What's a Section 10? Criminal records in NSW and the natures of Section 10 of the Crimes (Sentencing Procedure) Act 1999
This article first appeared in SX News in 2014
Those in the know (and even those in the unknown) are aware of ‘Section 10s’. You’ll often hear at a house party, “Marty was caught with 8 pills and got a Section 10!”
The real question for Marty is what kind of Section 10 did he get? It’s an important question because employers are using criminal history checks more and more. Obtaining a Section 10 may not mean avoiding a criminal record, depending on the type of Section 10.
WHAT IS A SECTION 10?
A “Section 10” refers to an order of the Local, District or Supreme Court under Section 10 of the Crimes (Sentencing Procedure) Act 1999 (NSW). Pursuant to that section of the Act, the respective court has the discretion to dismiss certain criminal charges, including drug possession charges, without proceeding to a conviction. Section 10s require a plea of guilty and are consequently the best possible outcome for an offender who pleads guilty.

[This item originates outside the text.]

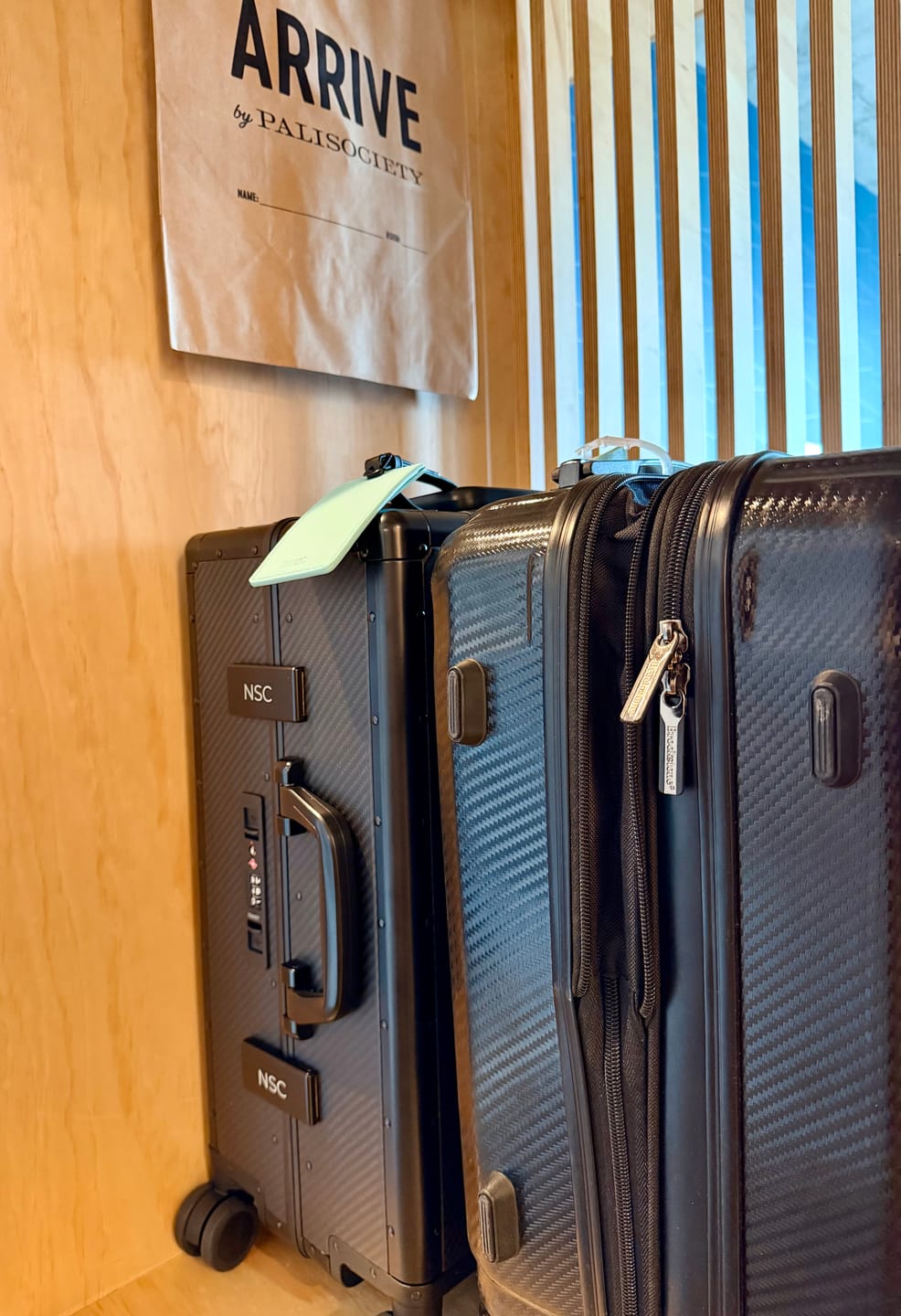 Customer photo review of Carbon X 2.0 Carbon Fiber Suitcase Black
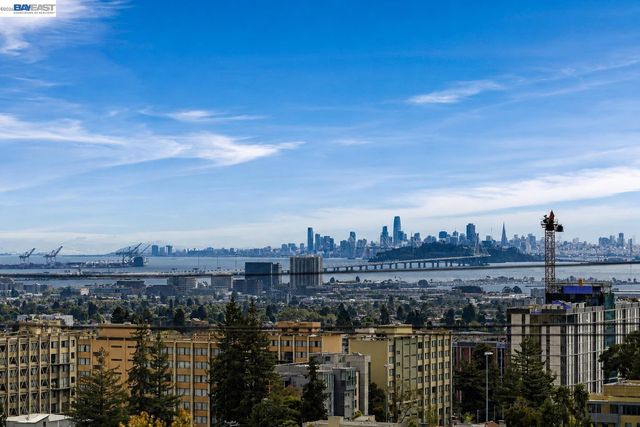 2 Panoramic Way 306, Berkeley, CA 94704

THE VARYING DEGREE OF SECTION 10S
What is commonly misunderstood by the community is that Section 10s are not all the same (even lawyers and magistrates have been known to misunderstand them).
Some Section 10s attach to good behaviour bonds while other Section 10s require the accused to attend intervention programs like drug and alcohol counselling. But those are just the superficial differences.
The darker side to Section 10s is the fact that while they are thought of in terms of non-conviction and charge dismissal, some Section 10s result in a criminal record for offenders. That’s because under separate criminal records legislation, a Section 10 order is considered a “conviction” for the purposes of recording records on offenders’ criminal files.
The only kind of Section 10 that will not result in a criminal record is a Section 10(1)(a) whereby no good behaviour bond, condition or intervention program is ordered by the court and the offender is free of any further obligation. Criminal records laws still treat the order as a conviction but upon the making of the order, the “conviction” becomes spent (non-disclosable).
Any other kind of Section 10, including a Section 10(1)(b) good behaviour bond or a Section 10(1)(c) intervention program, will result in a criminal record for the accused, for the duration of the condition attaching to the order. In other words, a good behaviour bond of 12 months will result in the offender having a criminal record for the duration of the bond.
My firm recently ran a District Court appeal on this technical issue. Our client had received a good behaviour bond of 8 months and was regularly subjected to criminal record checks by his ostensibly over-cautious employer. He held a senior position in his company and couldn’t risk the embarrassment of a drug charge getting out. On appeal in the District Court we succeeded in obtaining a Section 10(1)(a) for our client, meaning his charge was immediately dismissed and his “conviction” under criminal records legislation became immediately non-disclosable.
BUT REMEMBER ...
What is important to remember is that while the judge was made aware of the criminal record consequences of Section 10 good behaviour bonds and understood my submissions, he nevertheless wanted arguments from me as to why the accused should not be on a good behaviour bond. In other words, there will be instances where the court determines that despite the criminal record consequences of a particular Section 10, a good behaviour bond is nevertheless necessary to supervise the offender. It is up to the offender’s lawyer to make the respective submissions.
Party safe and if you get into trouble with the police, think carefully about your legal options.
Disclaimer: This article is of a general nature. You should obtain specific legal advice relevant to your facts and situation.